Your assignment: Each entry below is to be transcribed exactly.

%%

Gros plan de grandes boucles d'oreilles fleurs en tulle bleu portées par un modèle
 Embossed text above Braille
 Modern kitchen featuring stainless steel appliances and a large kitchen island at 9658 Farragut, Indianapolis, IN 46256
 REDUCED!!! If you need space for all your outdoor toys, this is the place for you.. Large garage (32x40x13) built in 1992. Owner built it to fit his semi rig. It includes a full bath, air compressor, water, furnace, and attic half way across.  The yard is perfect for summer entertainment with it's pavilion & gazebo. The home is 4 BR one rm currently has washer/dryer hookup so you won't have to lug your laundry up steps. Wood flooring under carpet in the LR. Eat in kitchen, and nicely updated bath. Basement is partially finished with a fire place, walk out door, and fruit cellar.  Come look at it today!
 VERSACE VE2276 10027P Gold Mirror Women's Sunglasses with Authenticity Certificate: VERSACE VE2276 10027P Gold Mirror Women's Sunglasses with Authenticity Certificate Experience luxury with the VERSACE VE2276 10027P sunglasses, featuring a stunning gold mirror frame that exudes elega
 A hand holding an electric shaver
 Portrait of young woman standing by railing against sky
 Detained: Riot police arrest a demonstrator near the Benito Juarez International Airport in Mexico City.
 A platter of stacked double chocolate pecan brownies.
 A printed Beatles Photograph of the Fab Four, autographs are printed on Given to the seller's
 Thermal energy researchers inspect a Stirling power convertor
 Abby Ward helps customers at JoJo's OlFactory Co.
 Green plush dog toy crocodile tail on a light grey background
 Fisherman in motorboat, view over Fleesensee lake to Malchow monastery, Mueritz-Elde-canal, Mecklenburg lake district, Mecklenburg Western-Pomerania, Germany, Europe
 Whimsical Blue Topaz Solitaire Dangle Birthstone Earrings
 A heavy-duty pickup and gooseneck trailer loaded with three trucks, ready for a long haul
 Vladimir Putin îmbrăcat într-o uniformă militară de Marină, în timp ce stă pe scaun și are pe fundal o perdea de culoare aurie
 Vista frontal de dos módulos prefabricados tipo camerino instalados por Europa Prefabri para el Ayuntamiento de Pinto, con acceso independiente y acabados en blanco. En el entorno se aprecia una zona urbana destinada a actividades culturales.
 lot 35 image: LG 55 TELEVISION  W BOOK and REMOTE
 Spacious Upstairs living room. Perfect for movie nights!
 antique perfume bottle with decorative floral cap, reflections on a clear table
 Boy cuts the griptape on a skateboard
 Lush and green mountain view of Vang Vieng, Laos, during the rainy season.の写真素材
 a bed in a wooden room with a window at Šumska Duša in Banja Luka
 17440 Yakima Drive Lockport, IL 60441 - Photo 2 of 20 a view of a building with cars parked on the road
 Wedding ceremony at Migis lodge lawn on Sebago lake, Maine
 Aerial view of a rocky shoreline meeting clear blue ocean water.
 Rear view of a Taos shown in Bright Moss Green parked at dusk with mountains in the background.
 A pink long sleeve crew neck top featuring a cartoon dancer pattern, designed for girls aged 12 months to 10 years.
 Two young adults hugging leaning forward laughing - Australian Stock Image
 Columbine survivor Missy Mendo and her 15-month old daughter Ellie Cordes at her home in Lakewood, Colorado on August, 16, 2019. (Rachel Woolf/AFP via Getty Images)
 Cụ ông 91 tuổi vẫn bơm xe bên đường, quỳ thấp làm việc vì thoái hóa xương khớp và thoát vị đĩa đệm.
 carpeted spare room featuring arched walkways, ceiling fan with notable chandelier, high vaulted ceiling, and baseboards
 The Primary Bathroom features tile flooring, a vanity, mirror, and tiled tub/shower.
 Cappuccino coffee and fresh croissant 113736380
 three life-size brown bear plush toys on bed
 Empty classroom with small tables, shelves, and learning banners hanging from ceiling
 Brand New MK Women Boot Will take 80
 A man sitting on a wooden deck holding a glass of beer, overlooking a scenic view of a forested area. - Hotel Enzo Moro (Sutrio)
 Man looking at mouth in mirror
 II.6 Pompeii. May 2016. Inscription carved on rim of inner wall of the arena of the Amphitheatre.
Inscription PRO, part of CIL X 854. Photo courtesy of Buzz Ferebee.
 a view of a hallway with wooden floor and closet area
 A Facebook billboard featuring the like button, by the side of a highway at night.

%%

The completed task:
Gros plan de grandes boucles d'oreilles fleurs en tulle bleu portées par un modèle
 Embossed text above Braille
 Modern kitchen featuring stainless steel appliances and a large kitchen island at 9658 Farragut, Indianapolis, IN 46256
 REDUCED!!! If you need space for all your outdoor toys, this is the place for you.. Large garage (32x40x13) built in 1992. Owner built it to fit his semi rig. It includes a full bath, air compressor, water, furnace, and attic half way across.  The yard is perfect for summer entertainment with it's pavilion & gazebo. The home is 4 BR one rm currently has washer/dryer hookup so you won't have to lug your laundry up steps. Wood flooring under carpet in the LR. Eat in kitchen, and nicely updated bath. Basement is partially finished with a fire place, walk out door, and fruit cellar.  Come look at it today!
 VERSACE VE2276 10027P Gold Mirror Women's Sunglasses with Authenticity Certificate: VERSACE VE2276 10027P Gold Mirror Women's Sunglasses with Authenticity Certificate Experience luxury with the VERSACE VE2276 10027P sunglasses, featuring a stunning gold mirror frame that exudes elega
 A hand holding an electric shaver
 Portrait of young woman standing by railing against sky
 Detained: Riot police arrest a demonstrator near the Benito Juarez International Airport in Mexico City.
 A platter of stacked double chocolate pecan brownies.
 A printed Beatles Photograph of the Fab Four, autographs are printed on Given to the seller's
 Thermal energy researchers inspect a Stirling power convertor
 Abby Ward helps customers at JoJo's OlFactory Co.
 Green plush dog toy crocodile tail on a light grey background
 Fisherman in motorboat, view over Fleesensee lake to Malchow monastery, Mueritz-Elde-canal, Mecklenburg lake district, Mecklenburg Western-Pomerania, Germany, Europe
 Whimsical Blue Topaz Solitaire Dangle Birthstone Earrings
 A heavy-duty pickup and gooseneck trailer loaded with three trucks, ready for a long haul
 Vladimir Putin îmbrăcat într-o uniformă militară de Marină, în timp ce stă pe scaun și are pe fundal o perdea de culoare aurie
 Vista frontal de dos módulos prefabricados tipo camerino instalados por Europa Prefabri para el Ayuntamiento de Pinto, con acceso independiente y acabados en blanco. En el entorno se aprecia una zona urbana destinada a actividades culturales.
 lot 35 image: LG 55 TELEVISION  W BOOK and REMOTE
 Spacious Upstairs living room. Perfect for movie nights!
 antique perfume bottle with decorative floral cap, reflections on a clear table
 Boy cuts the griptape on a skateboard
 Lush and green mountain view of Vang Vieng, Laos, during the rainy season.の写真素材
 a bed in a wooden room with a window at Šumska Duša in Banja Luka
 17440 Yakima Drive Lockport, IL 60441 - Photo 2 of 20 a view of a building with cars parked on the road
 Wedding ceremony at Migis lodge lawn on Sebago lake, Maine
 Aerial view of a rocky shoreline meeting clear blue ocean water.
 Rear view of a Taos shown in Bright Moss Green parked at dusk with mountains in the background.
 A pink long sleeve crew neck top featuring a cartoon dancer pattern, designed for girls aged 12 months to 10 years.
 Two young adults hugging leaning forward laughing - Australian Stock Image
 Columbine survivor Missy Mendo and her 15-month old daughter Ellie Cordes at her home in Lakewood, Colorado on August, 16, 2019. (Rachel Woolf/AFP via Getty Images)
 Cụ ông 91 tuổi vẫn bơm xe bên đường, quỳ thấp làm việc vì thoái hóa xương khớp và thoát vị đĩa đệm.
 carpeted spare room featuring arched walkways, ceiling fan with notable chandelier, high vaulted ceiling, and baseboards
 The Primary Bathroom features tile flooring, a vanity, mirror, and tiled tub/shower.
 Cappuccino coffee and fresh croissant 113736380
 three life-size brown bear plush toys on bed
 Empty classroom with small tables, shelves, and learning banners hanging from ceiling
 Brand New MK Women Boot Will take 80
 A man sitting on a wooden deck holding a glass of beer, overlooking a scenic view of a forested area. - Hotel Enzo Moro (Sutrio)
 Man looking at mouth in mirror
 II.6 Pompeii. May 2016. Inscription carved on rim of inner wall of the arena of the Amphitheatre.
Inscription PRO, part of CIL X 854. Photo courtesy of Buzz Ferebee.
 a view of a hallway with wooden floor and closet area
 A Facebook billboard featuring the like button, by the side of a highway at night.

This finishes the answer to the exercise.